Hardware Disruption: Same Movie, Different Era

photo credit: MarkAmsterdam, Flickr

Much talk lately about hardware startups on the rise.

Costs are coming down, Kickstarter is circumventing investors who are (were?) scared, and cool stuff is hitting the market in new and interesting ways.

But when you start to poke around, it becomes clear that the changes happening in the market are actually much more profound, and are mirroring a lot of what has happened with software startups since the late 1990s. Changes in creation, prototyping, production and distribution is making it more and more possible to thrive as a 4-person hardware startup and new ones seem to be launching every day.

I can’t overstate how exciting this is – consumers will get access to devices that more exactly fit their needs and producers will no longer need million-dollar retail distribution deals to survive.

Here’s an overview of some of these changes:

Our relationship with our devices has evolved.
More and more, our devices are becoming extensions of ourselves. They are the first thing we see in the morning and the last thing we see at night. In the same way that clothing can be a tool of self-expression, so can your speakers or your headphones or your docking station or your watch. Specialization and niche products are becoming the norm.

Buying decisions are less influenced by specs and features and more driven by design and experience.
Apple up, Dell down. Need I say more?

Financing is shifting.
Pre-sales happening through Kickstarter/Indiegogo and new development models from companies like Quirky are making it easier for hardware companies to get started. Costs are coming way down and transparency around production is growing as knowledge-sharing becomes even more ubiquitious. Producers can connect directly with their users right away, making the getting-started costs much less prohibitive.

Consumerization of 3D printing.
The growth of consumer and prosumer 3D printing will help to cut costs even further and will contribute to a more iterative prototype process, increasing the overall quality of these new electronics.

Growth of the maker community.
The communites that have grown around Makerbot, Shapeways, Tindie, Kickstarter, and other hardware niches is exceptional.

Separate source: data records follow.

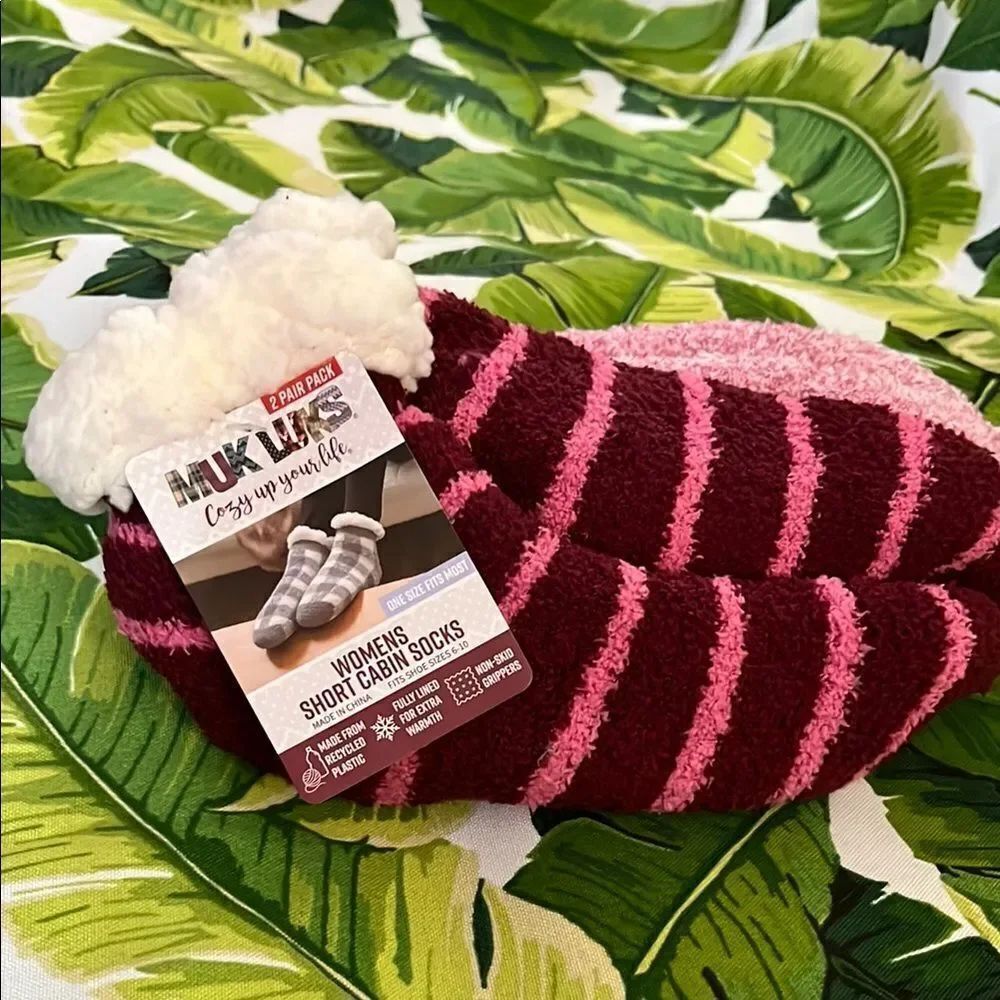 Muk Luks Women's Short Cabin Socks - Red and Pink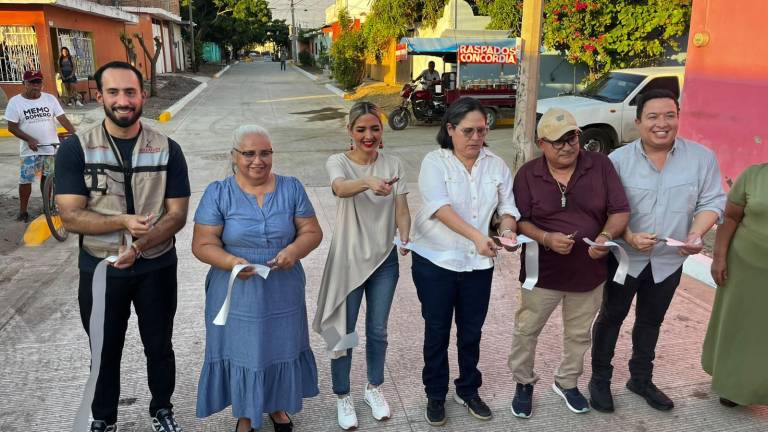 Entrega Ayuntamiento de Mazatlán pavimentación de la calle 5 de Mayo en la colonia Niños Héroes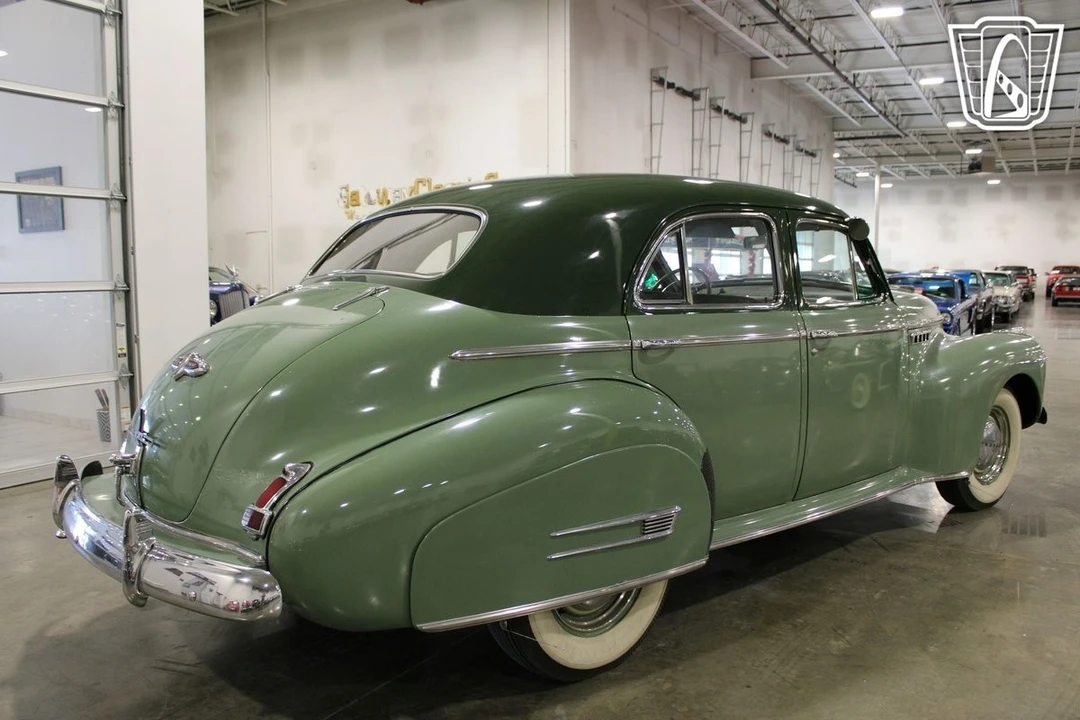 1941 Buick Super - Image 17 of 21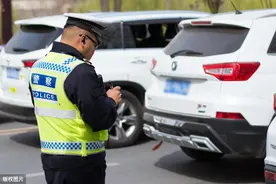 纳闷！车停在吉祥路车位上，交警却贴条说“压盲道”？真相来了图片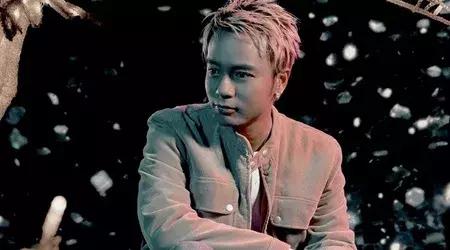 李克勤 - 一个人飞歌词是什么，李克勤红日原唱（李克勤颠沛流离的音乐生涯）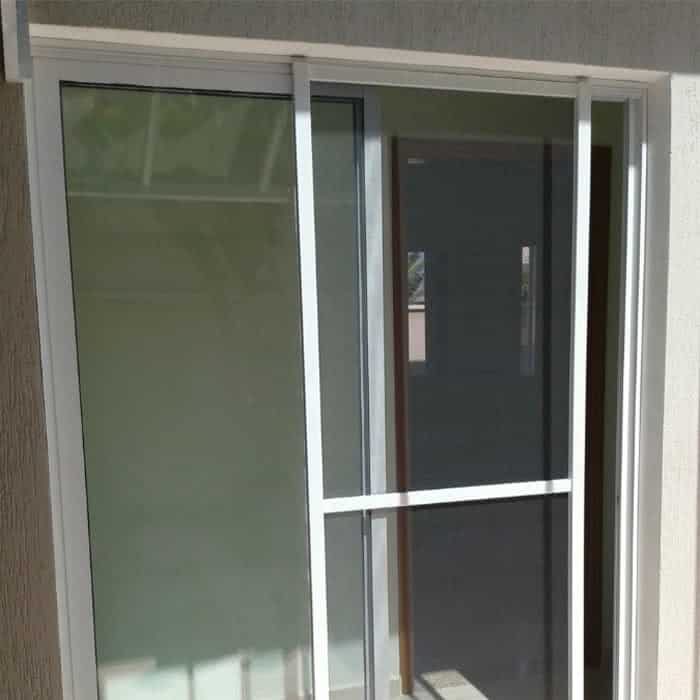 porta com tela de correr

While the indie hardware community is not new, there has been a spike in sites and tools that make hardware hacking easier than ever.

The gaping hole, at least for me, is at the very last part of the process: retail. The biggest players are the same – Best Buy, Wal-Mart, Amazon. Given all the above changes, surely this segment would have to shift – the experience of finding and buying new personal technology needs to adapt as well. Joe, Aaron and I couldn’t stop talking about this – we’re all gadget-obsessed web nerds, so we decided to just start building instead. Excited to share it soon, but for now, hope you enjoy our snake-tastic landing page and launch contest.

It’s called Grand St.

Just because we have all spent years buying electronics based on specs we didn’t care about, features we never used, and Black Friday blowouts doesn’t mean it is going to be that way forever.

Ironically enough, some of the growth in hardware has been facilitated by advances in web and social software. Putting aside the heartbreak of 2001, the late 1990s were (from what I hear) some of the most exciting years in web software development. Endless possibilities and intoxicating optimism, and the best is still yet to come.

Software eats consumer electronics? Yeah, something like that.

Would love to hear your thoughts either below in the comments, on Hacker News, or by email. You can follow @grandst on Twitter for updates.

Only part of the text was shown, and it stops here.